The leaks will have broad implications for the rightful owners of Nazi-looted art.

Cornelius Gurlitt. Photo: Markus Hannich.

The Gurlitt family has announced that documents that belonged to Cornelius Gurlitt’s father, the Nazi-era art dealer Hildebrand Gurlitt, have been digitized and will be made ​​available online in the very near future, Süddeutsche reports.

The documents from the Gurlitt estate include letters, photographs, business correspondence, and pictures of artworks. The immense scope of the data is estimated to be published over 15,000 digital pages.

Cornelius Gurlitt’s cousin, Uta Werner, reportedly wants to enable a more transparent processing of the collection (see Gurlitt Heirs Pledge to Restitute Looted Art and Gurlitt Was Mentally Unfit to Write Will, Cousins Claim).

Unparalleled Implications for Provenance Research

None of the names in the documents will be blackened out, thus exposing the identities of the individuals who have bought or sold artworks. This is set to be a remarkable move that will have ramifications for the entire field of provenance research in Germany and beyond.

The first files will be leaked in the next few days, and documents are to be released continuously throughout the year, with the entire digital data base existing online by the end of September.

The documents will have wide-reaching implications for the rightful owners of Nazi-looted art. Not only are the works in Gurlitt’s own collection documented there, but also historically significant correspondences from the time Hildebrand Gurlitt was acquiring artworks for the planned “Führer Museum” in Linz.

Legal Battles

The files in question were removed from Gurlitt’s villa outside of Salzburg in 2014, before his death, when he declared he wished to return looted works from the collection (see Gurlitt Gives German Task Force One Year to Research Provenance of Suspected Nazi Loot).

The 25,000 documents and 250 artworks found there took five days to remove.

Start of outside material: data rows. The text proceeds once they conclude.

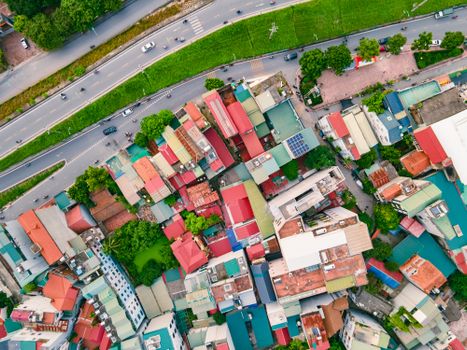Colorful rooftops in a dynamic city neighborhood from above.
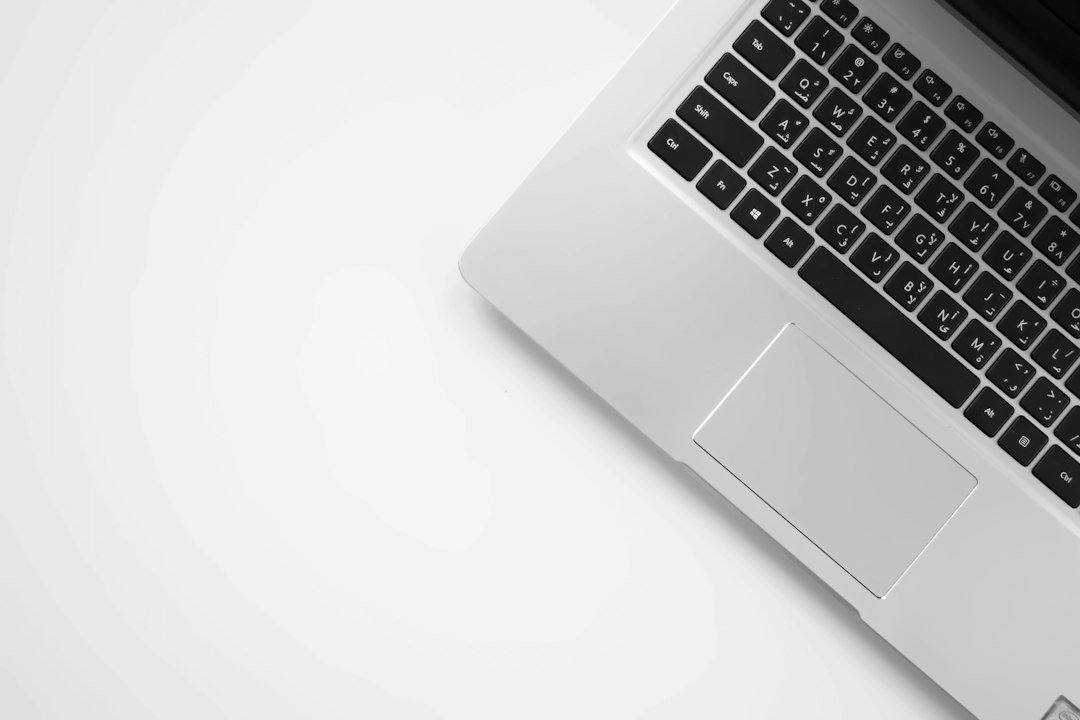Why Is My CPS Lower on Laptop Trackpad Than Mouse? - laptop trackpad click close up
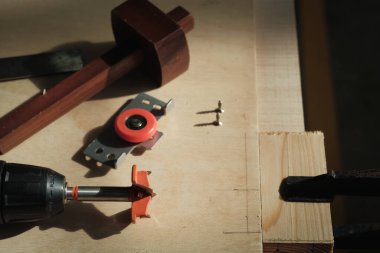 Forstner parçası, sürgülü kapı silindiri, işaretleme göstergesi, vidalar ve ahşap işçilerinin masasında kare deneyin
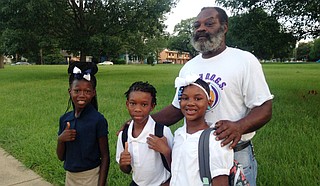 A Poindexter Elementary grandfather and WATCH D.O.G.S. member walks to school with his grandchildren. Photo courtesy Jackson Public Schools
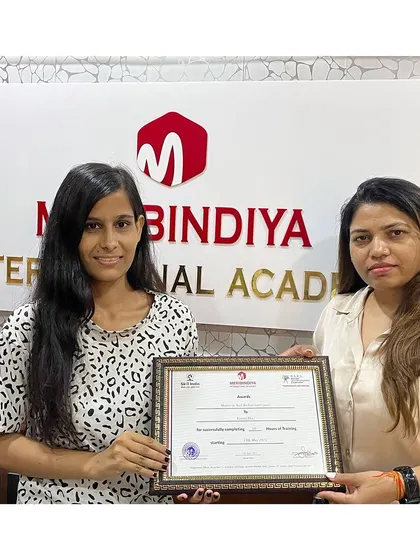 Another student proudly receives her certificate of completion, ready to embark on her professional path.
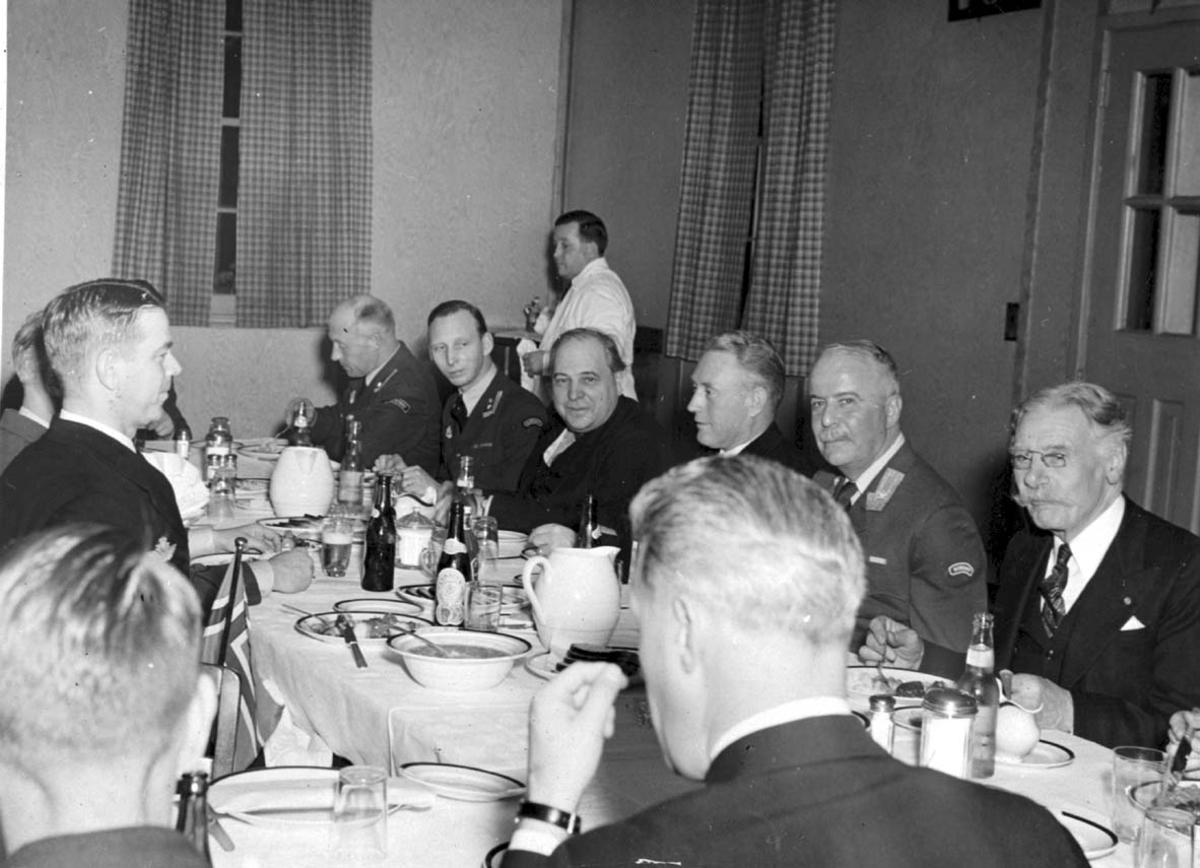 Gruppebilde. Flere personer, menn, de fleste i militæruniform. Sitter ved dekket bord.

But the processing of the material stopped when Cornelius Gurlitt died in May 2014. The files have not been sorted or processed since.

The Berner Zeitung speculates that the legal battles between Gurlitt’s family and the Kunstmuseum Bern could be the reason for the so-called “Conny Leaks” (see Kunstmuseum Bern Accepts 1,300 Artwork Nazi-Era Gurlitt Collection Amidst Legal Battles and Dispute Over the Will Delays Gurlitt Acquisition by Kunstmuseum Bern).

Werner has previously criticized the delays in restitution of paintings to their rightful owners (see Rosenberg Heirs’ Claim to Gurlitt Matisse Stalled).